The sanctum was quiet, the air thick with the scent of old stone and the faint, metallic tang of iron. Aurelia sat at the edge of the table, her notes spread before her, but her attention was fixed on Kael. He stood by the far wall, his posture relaxed but his gaze distant, as if he were looking through the stone itself to some memory buried deep within the mountain.
She had seen him in many guises: the king, the weapon, the man braced against his own darkness. But tonight, there was something different in the way he held himself, a looseness in his shoulders, a quietness in his eyes that spoke of exhaustion, yes, but also of something softer, something almost vulnerable.
“Tell me,” she said quietly, “what it was like. Before all this.”
Kael glanced at her, surprise flickering across his face. He hesitated, then crossed the room, settling onto the bench opposite her. For a moment, he was silent, his hands folded in his lap, his gaze fixed on the floor.
“I was trained,” he said at last, his voice low. “Not just in strength or battle, but in history, in governance, in the art of negotiation. My tutors were relentless. They taught me the laws of the packs, the treaties with the human world, the intricacies of diplomacy. I learned how to read a room, how to weigh a word, how to hold silence until it became a weapon.”
Aurelia listened, her heart aching with a strange, unexpected tenderness. She had imagined his childhood as a crucible of violence, a forge for the monster the Council wanted him to become. But this, this was something else. This was the making of a king, not a beast.
“They wanted me to be more than a ruler,” Kael continued. “They wanted me to be a symbol. A bridge between worlds. A guarantee of peace. But always, beneath it all, there was the threat, the reminder that if I failed, if I faltered, the curse would be waiting.”

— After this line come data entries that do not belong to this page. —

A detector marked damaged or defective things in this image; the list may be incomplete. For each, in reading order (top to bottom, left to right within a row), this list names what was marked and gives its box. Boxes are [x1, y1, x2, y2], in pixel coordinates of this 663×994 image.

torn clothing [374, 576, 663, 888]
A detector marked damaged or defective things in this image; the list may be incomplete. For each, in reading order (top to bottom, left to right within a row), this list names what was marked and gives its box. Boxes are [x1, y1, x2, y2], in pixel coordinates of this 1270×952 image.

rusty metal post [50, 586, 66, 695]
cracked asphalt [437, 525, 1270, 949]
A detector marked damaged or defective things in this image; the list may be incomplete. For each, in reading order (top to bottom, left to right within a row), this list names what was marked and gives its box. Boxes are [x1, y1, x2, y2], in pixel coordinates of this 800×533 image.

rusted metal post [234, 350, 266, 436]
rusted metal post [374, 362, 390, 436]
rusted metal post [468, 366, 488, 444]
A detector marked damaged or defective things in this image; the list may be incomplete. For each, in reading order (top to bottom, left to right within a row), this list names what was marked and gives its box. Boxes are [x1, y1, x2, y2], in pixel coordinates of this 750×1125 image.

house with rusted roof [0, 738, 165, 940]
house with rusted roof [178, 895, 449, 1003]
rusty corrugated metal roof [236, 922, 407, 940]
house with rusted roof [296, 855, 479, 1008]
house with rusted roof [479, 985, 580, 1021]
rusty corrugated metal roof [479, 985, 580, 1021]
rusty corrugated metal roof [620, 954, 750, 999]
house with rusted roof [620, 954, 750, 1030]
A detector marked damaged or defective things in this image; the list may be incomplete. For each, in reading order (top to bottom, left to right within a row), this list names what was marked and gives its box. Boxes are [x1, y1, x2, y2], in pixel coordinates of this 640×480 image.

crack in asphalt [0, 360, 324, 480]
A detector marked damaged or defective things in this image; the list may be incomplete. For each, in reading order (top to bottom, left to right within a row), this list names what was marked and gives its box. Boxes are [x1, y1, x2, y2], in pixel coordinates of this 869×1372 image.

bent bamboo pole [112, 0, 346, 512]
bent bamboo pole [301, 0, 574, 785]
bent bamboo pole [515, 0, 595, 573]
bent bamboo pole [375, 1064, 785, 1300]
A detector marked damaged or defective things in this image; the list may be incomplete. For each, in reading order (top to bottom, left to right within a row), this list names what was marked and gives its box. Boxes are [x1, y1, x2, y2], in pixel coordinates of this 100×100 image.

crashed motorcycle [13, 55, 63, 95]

He looked up then, meeting her gaze. “I was never meant to be cruel. I was meant to be controlled.”
Aurelia felt the weight of his words settle over her, heavy and sharp. She saw, for the first time, the man behind the myth, the boy who had been shaped by lessons in restraint and responsibility, not savagery. The king who had been forced to perform monstrosity, even as he longed for something gentler.
“You’re not what they say you are,” she said softly. “You never were.”
Kael’s lips curved in a faint, rueful smile. “No. But it’s easier for them to believe in a monster than to admit they built a prison.”
She reached across the table, her hand hovering just above his. “You don’t have to carry that alone anymore.”
He hesitated, then let his fingers brush against hers, a touch so light it was almost imagined. But in that moment, something shifted between them. The distance that had always existed, the careful boundaries of king and sacrifice, weapon and witness, began to dissolve.
Aurelia saw him, truly saw him, and her respect turned quietly personal. She admired the way he had survived, the way he had held onto his honour even as the world tried to strip it from him. She admired the way he had learned to lead, not with fear, but with understanding.
Kael, for his part, felt his guard lower by a fraction. He let himself believe, if only for a moment, that he could be more than what the Council had made him. That he could be seen, and perhaps even loved, for the man he was beneath the scars.
They sat in silence, the sanctum holding its breath around them. The runes on the bedframe glowed softly, as if in approval, and the chains lay quiet, their memory of violence fading into the background.
In that hush, Aurelia and Kael found something new, a tenderness that was all the sharper for being earned, a connection forged not in pain, but in the slow, deliberate act of understanding.
And for the first time, the king and the curse-binder allowed themselves to hope that, together, they could rewrite the story the world had written for them.